Stored items from a collection:
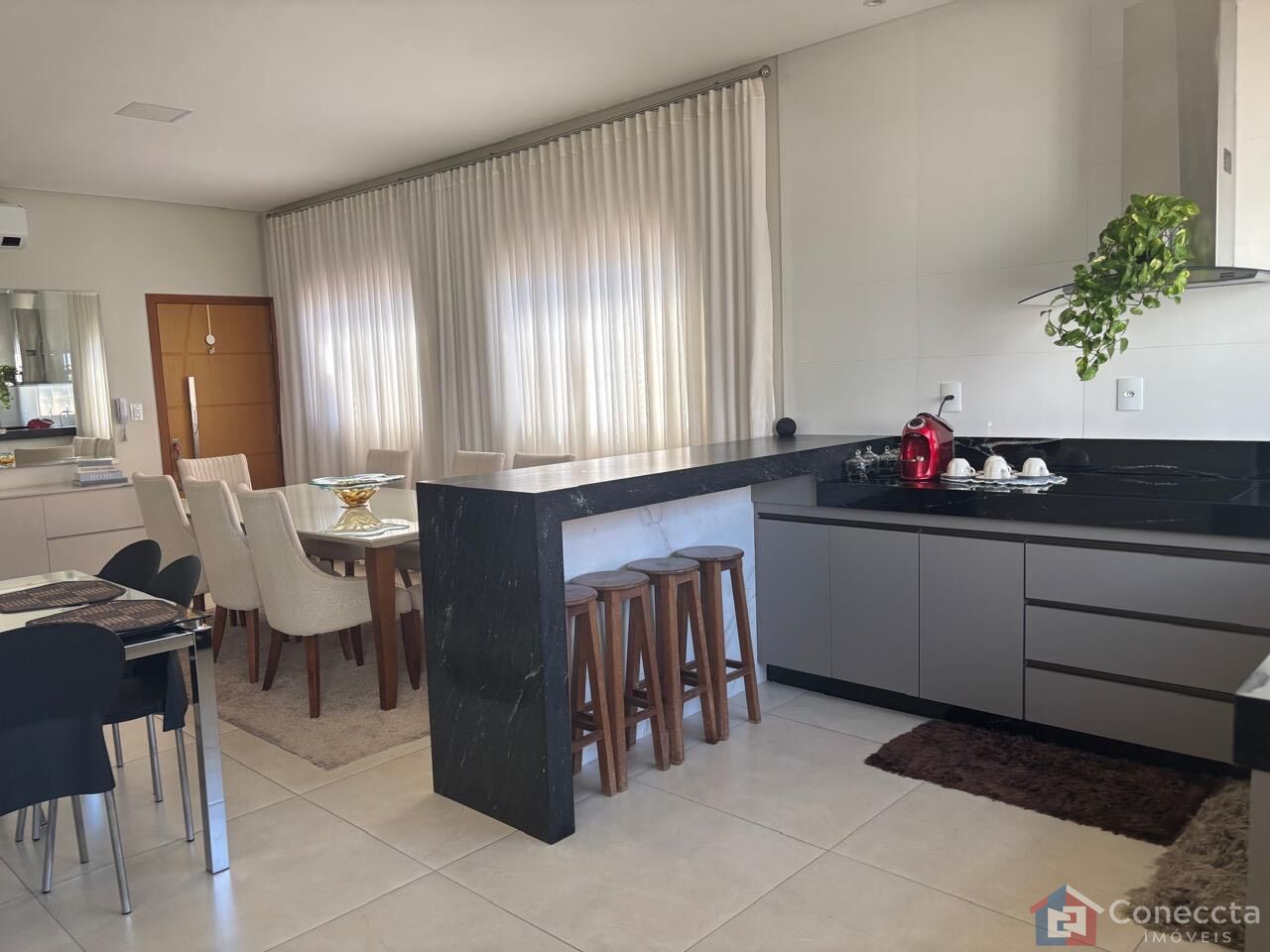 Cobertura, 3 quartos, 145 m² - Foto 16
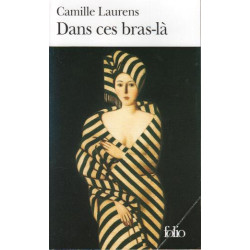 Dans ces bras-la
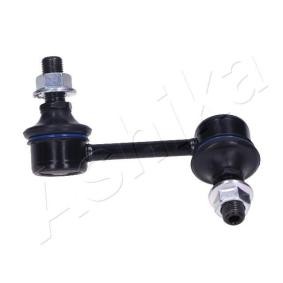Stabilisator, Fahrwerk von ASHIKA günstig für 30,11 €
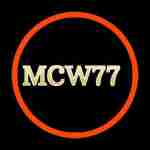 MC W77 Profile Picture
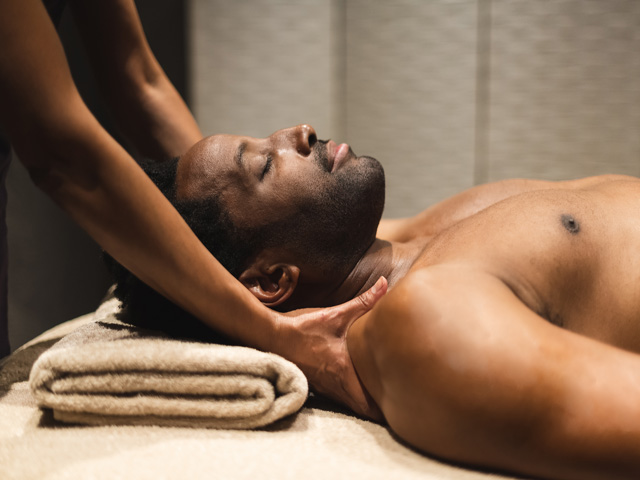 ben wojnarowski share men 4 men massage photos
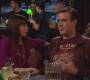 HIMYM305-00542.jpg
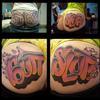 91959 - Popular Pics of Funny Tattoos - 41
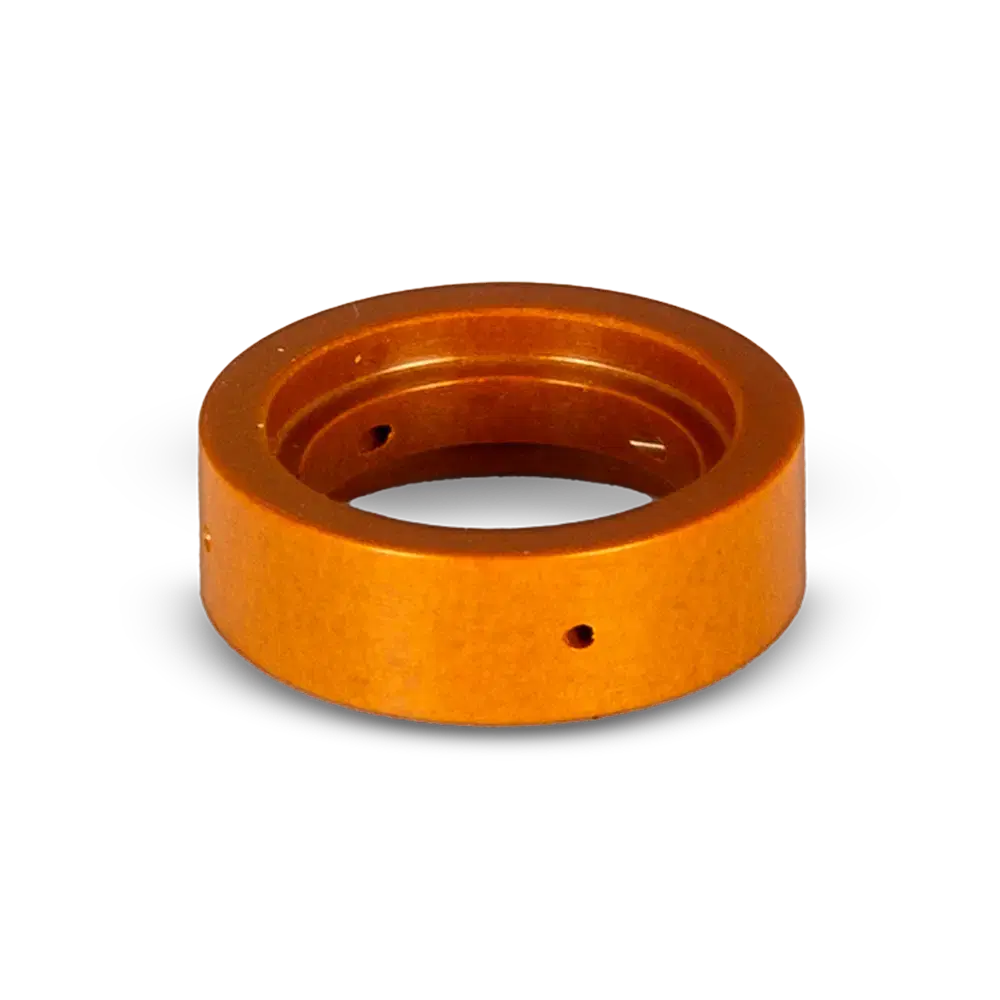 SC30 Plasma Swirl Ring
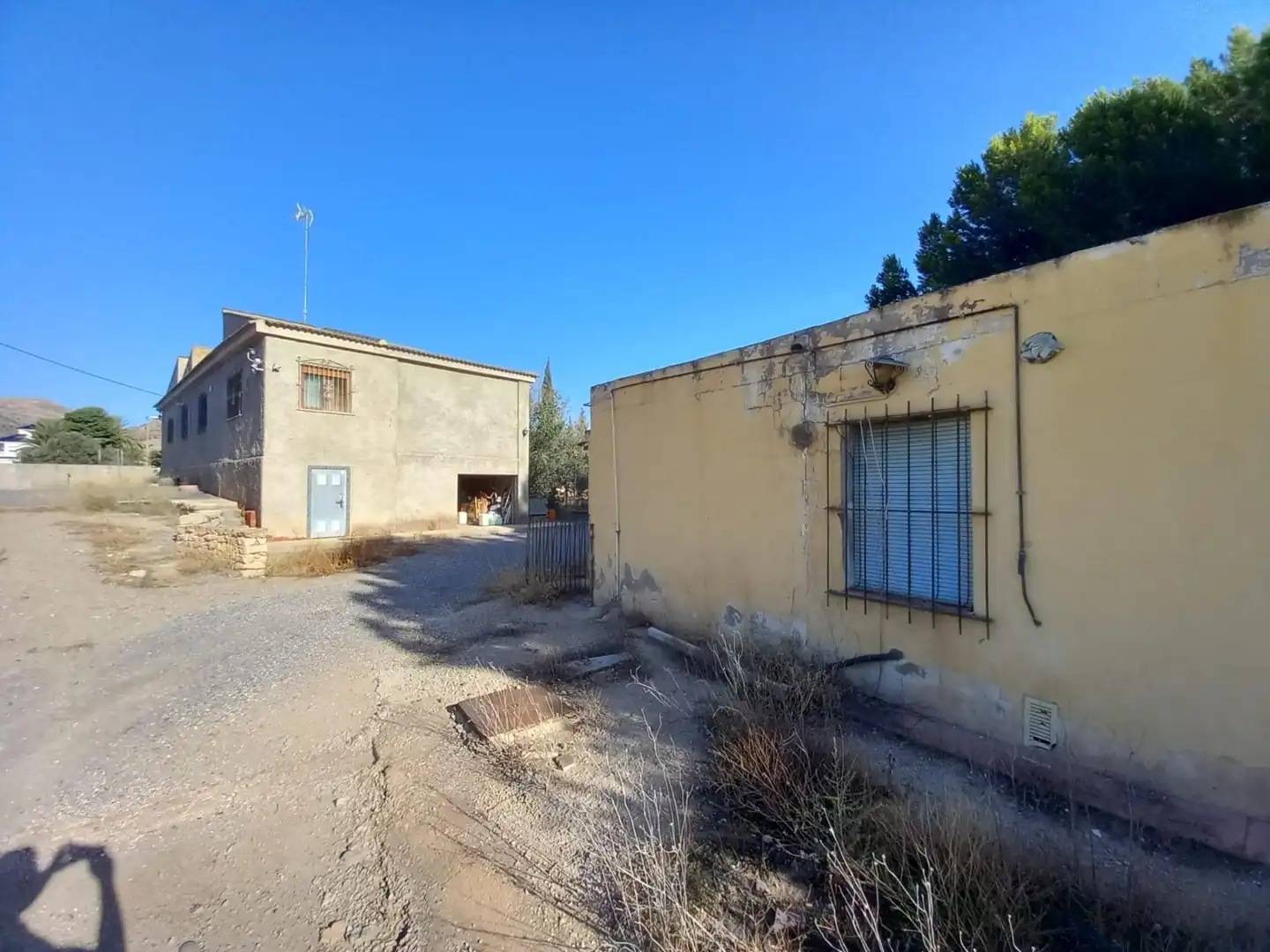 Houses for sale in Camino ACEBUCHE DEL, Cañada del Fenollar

What this task involves:
Skipping every picture, reproduce the records word for word.

Solution to the problem:
 Cobertura, 3 quartos, 145 m² - Foto 16
 Dans ces bras-la
Stabilisator, Fahrwerk von ASHIKA günstig für 30,11 €
 MC W77 Profile Picture
 ben wojnarowski share men 4 men massage photos
 HIMYM305-00542.jpg
 91959 - Popular Pics of Funny Tattoos - 41
 SC30 Plasma Swirl Ring
 Houses for sale in Camino ACEBUCHE DEL, Cañada del Fenollar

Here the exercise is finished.